Methods: A total of 135 students from three undergraduate year levels of the Bachelor of Medicine Bachelor of Surgery degree at Uttara Adhunik Medical College, Dhaka, Bangladesh, undertook study tours (community-based teaching, CBT) as a part of a community medicine course and visited a medical college, two rural health centres and a Meteorology Centre in the Cox’s Bazar district, 250 miles from Dhaka city. A questionnaire was used to assessthe perceptions of students regarding the administration, organization and learning experiences of the study tours. Students were required to write reports, present their findings and answer questions in their examinations related to the study tours and community-based teaching.

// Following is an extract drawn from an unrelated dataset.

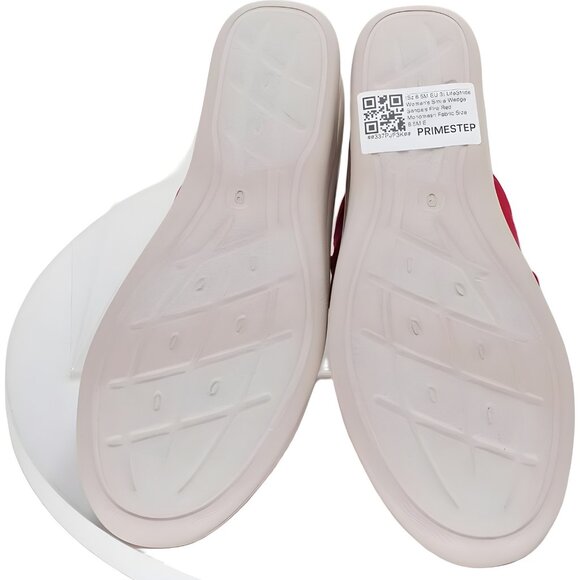 LifeStride Smile Red Wedge Slide Sandals Bow Top Comfort Slip-On US 8.5M EU 39 - Picture 6 of 6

Results: Majority of the students agreed or strongly agreed that the tour was a worthwhile (93%) and enjoyable learning experience (95%) that helped them to understand rural health issues (91%). More than half of the students reported that the study tours increased their awareness about common rural health problems (54%) and provided a wider exposure to medicine (61%).Only forty-one percent of students reported that the study tour increased their interest in undertake training in a rural area. A substantial number of students also expressed their concerns about the planning, length, resources, finance, and organization of the study tours.

Conclusion: Overall, the study tours had a positive effect – enhanced students’ awareness and understanding of common rural health problems. As study tours failed to increase the motivation of the students (approximately 60%) to work in the rural areas, CBT in medical curriculum should be reviewed and implemented using effective and evidence-based models to promote interest among medical students to work in rural and underserved or unserved areas.